▸ **Recorded data**
BEGIN

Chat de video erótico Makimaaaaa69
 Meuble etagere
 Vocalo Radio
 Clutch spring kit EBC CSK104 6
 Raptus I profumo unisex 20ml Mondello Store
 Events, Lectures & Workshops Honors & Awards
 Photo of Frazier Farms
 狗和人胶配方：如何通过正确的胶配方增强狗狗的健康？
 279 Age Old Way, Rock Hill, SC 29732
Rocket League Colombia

END

Every entry is to be transcribed exactly as it stands.

Chat de video erótico Makimaaaaa69
 Meuble etagere
 Vocalo Radio
 Clutch spring kit EBC CSK104 6
 Raptus I profumo unisex 20ml Mondello Store
 Events, Lectures & Workshops Honors & Awards
 Photo of Frazier Farms
 狗和人胶配方：如何通过正确的胶配方增强狗狗的健康？
 279 Age Old Way, Rock Hill, SC 29732
Rocket League Colombia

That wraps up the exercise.